The sheriff held that there was no such provision, but the sheriff principal was persuaded that there was and the appellant challenged that decision.
For the council it was argued that the phrase “on a fortnightly basis” was equivalent to an “express reference” to the agreement being for a term of two weeks.
A further clause which provided that the “total charge for this accommodation is £304.12 per fortnight, payable in arrears, on the last day of each rental period”, should be read as meaning that “rental period” was synonymous with “term” or “duration” and “plainly indicated” that the rental period or term was a fortnight.
However, the appeal judges concluded that the agreement could not properly be viewed as including such an express provision.
Delivering the opinion of the court, Lord McGhie said: “It is unnecessary for us to embark on a detailed examination of the reasoning of the sheriff or the sheriff principal and there is no need for any elaborate exposition of the word ‘expressly’. Whatever precise meaning that word may have in different contexts, the intention of Parliament, in the present context, must have been to require something which drew the attention of the tenant to the fact that the term was to be for a period of less than six months. We accept that the provision does not require use of the actual words ‘term of less than six months’.
“But we are satisfied that it is necessary to find some wording with equivalent effect stating that the duration of the agreement is for some explicit period which does not exceed six months or that occupancy is to come to an end at some point within six months. Such a provision would not preclude express reference to the possibility of a further agreement allowing occupancy to continue after that period.

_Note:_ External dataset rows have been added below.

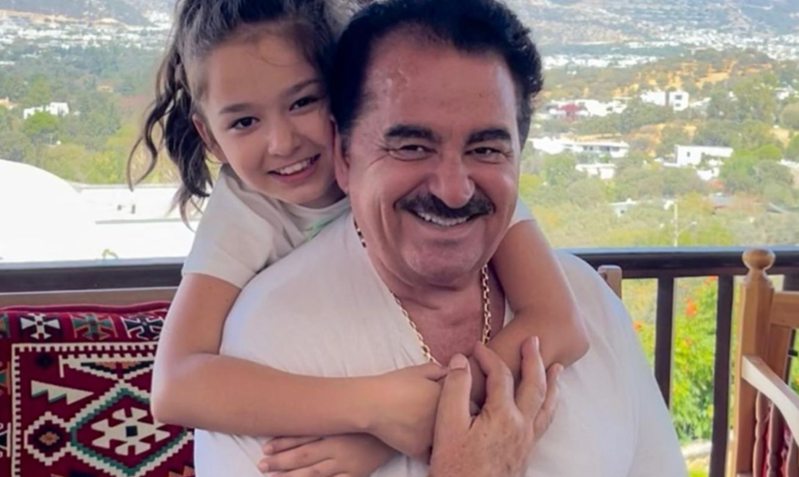 İbrahim Tatlısesin qızından duyğusal paylaşım: "Diləyim həmişə eynidir, ata"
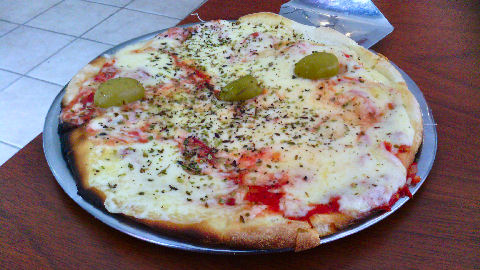 Zapi pizza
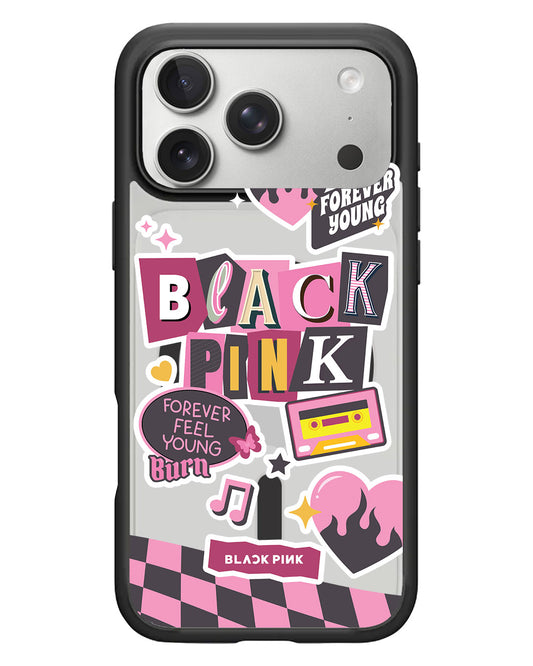 iPhone Rearguard Hybrid - Blackpink Forever Young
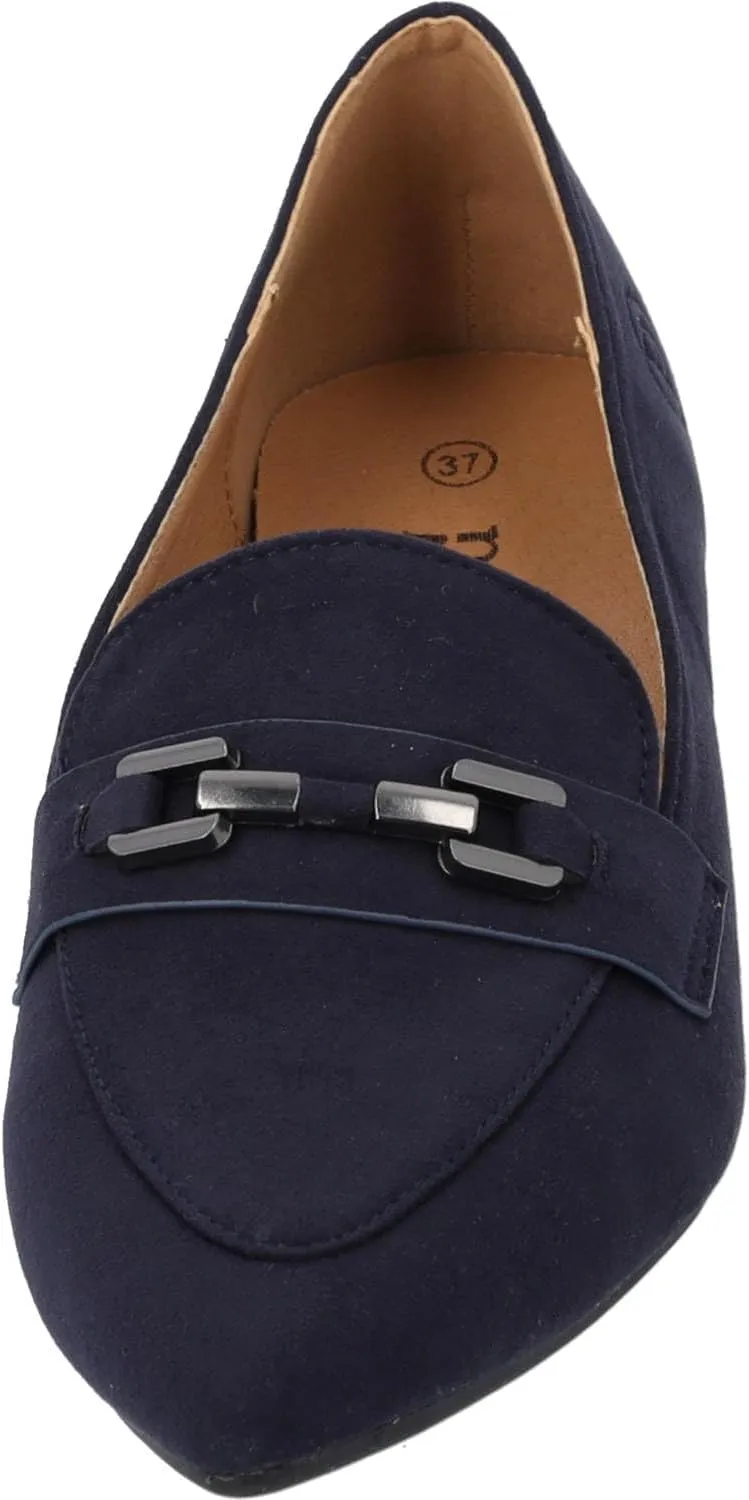 Loafers Women's Lixis by Sila Sahin - Elegant Low Shoes - Slippers in Timeless Design - Summer Shoes - Fashionable and Comfortable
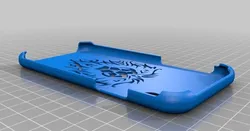 For the Alliance - Iphone X Case
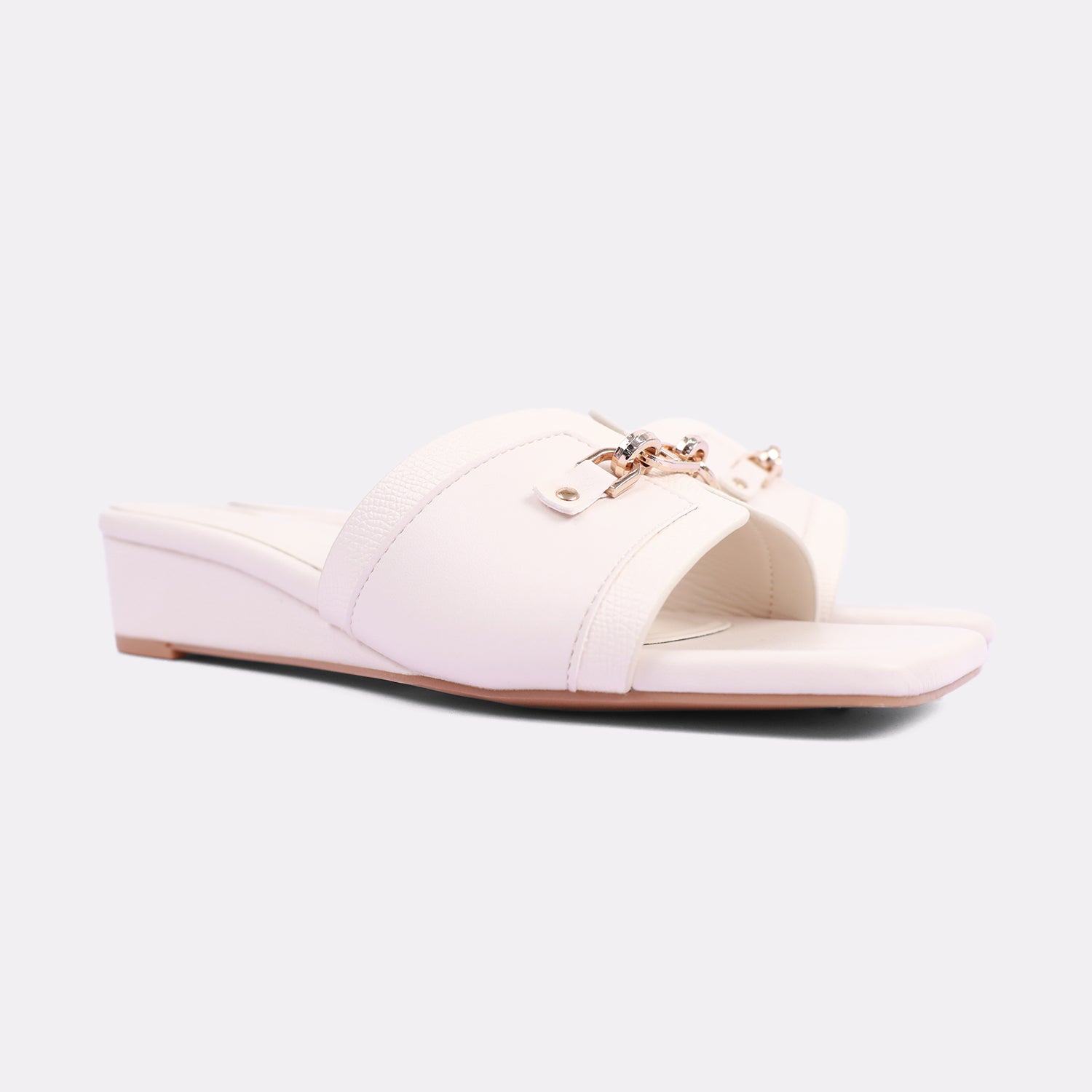 Bata Women Ivory Heel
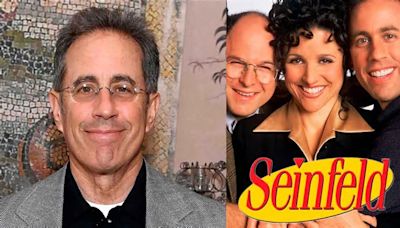 Jerry Seinfeld culpa a la extrema izquierda del fin de la comedia moderna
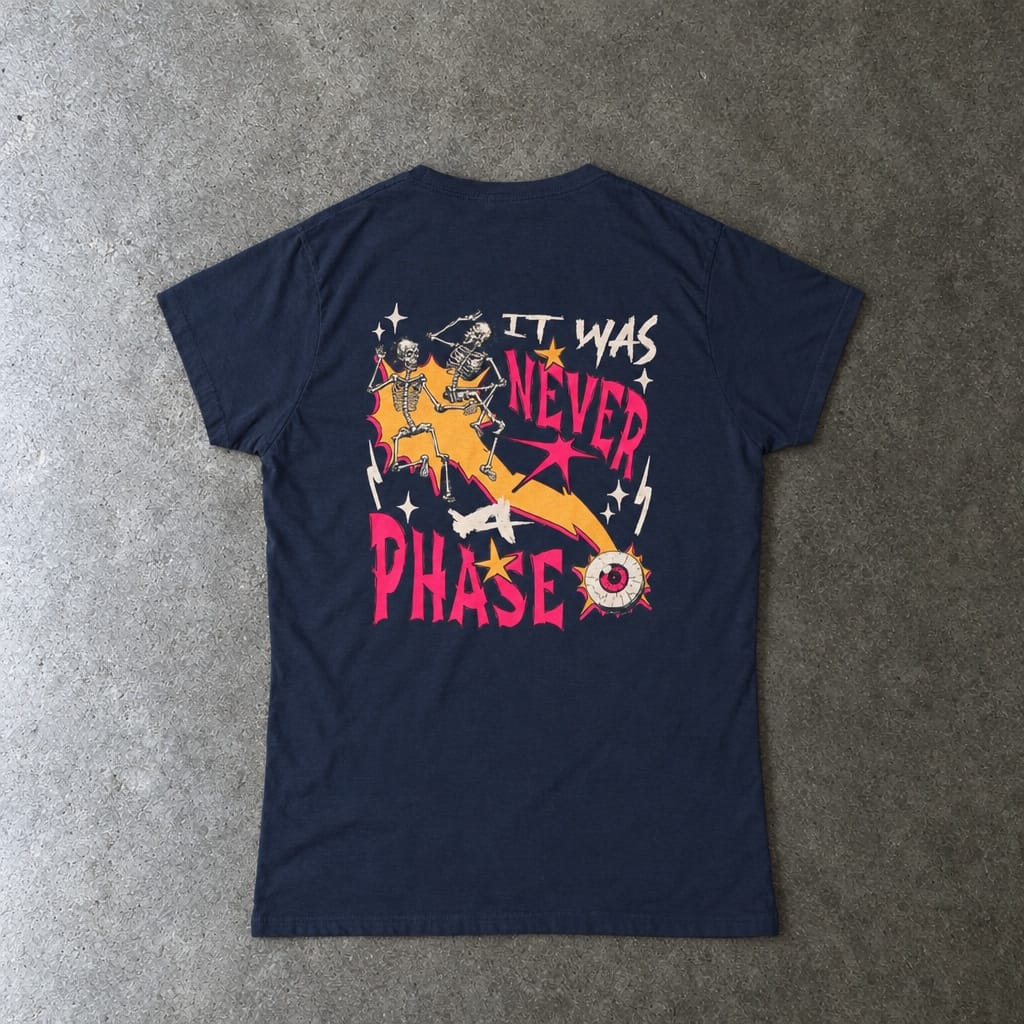 Still Emo Eyeball - Women's Tee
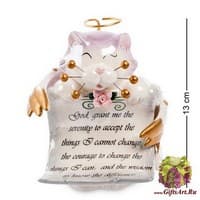 CMS-31/40 Фигурка &quot;Кот Анджело&quot;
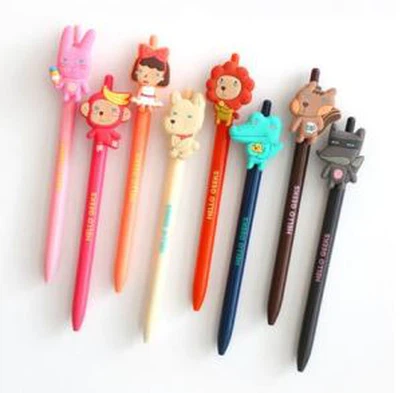 غیر زہریلا پیویسی قلم کیپ۔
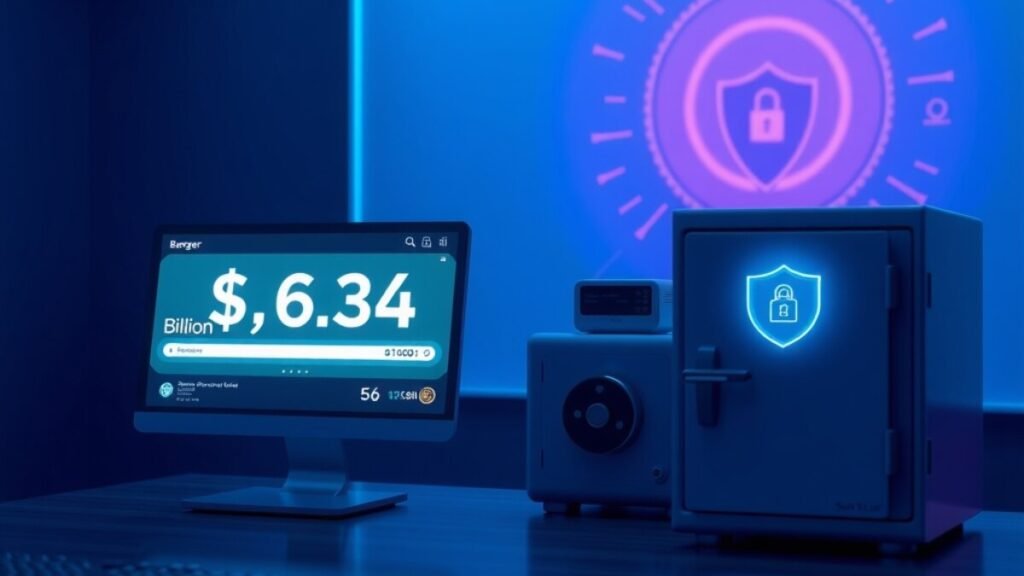Binance reserva US$6,34 bi para cobrir perdas de hack e garante segurança dos ativos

“It seems to us that the most obvious meaning to be taken from the expression ‘will continue on a fortnightly basis’ is not that the agreement had a term of a single fortnight but that the right to occupancy would continue indefinitely from fortnight to fortnight. Something further would be needed to show when that right was to end. In the present case, the relevant provision follows immediately.
“The parties’ express agreement was that the occupancy agreement would continue until the council had carried out a full investigation. There was no qualification of the time they were expected to take to do that. The reference to a fortnight can readily be understood as relating to the period in respect of which the rent was measured.”
He added: “A reference to an agreement continuing fortnightly is plainly not the same as an express provision that the agreement is only to last for a fortnight. Lawyers might argue over precisely what the legal effect of the former could be but the tenant would understand that the right of occupation which he was being given under the agreement was not to terminate at the end of each fortnight.
“The agreement does not purport to set out a mere expectation of a fresh agreement at the end of each period. It narrates an agreement that occupation will continue.
“The substantive agreement, explicitly set out, is that his occupancy will continue until the respondents have done certain things. There is nothing to hint that this was to be completed within six months far less any express provision to that effect.”
Nor did the judges accept that a “rental period” was synonymous with “term” or “duration”.
“We consider that in its everyday use this expression is understood to relate to the period in respect of which instalments of rent are due,” Lord McGhie said.
He added: “In short, we are not persuaded that this agreement can be read as containing any express provision which could properly be regarded as indicating, far less saying, that the appellant’s right of occupancy is to be for a term of less than six months. The appeal succeeds on that basis.”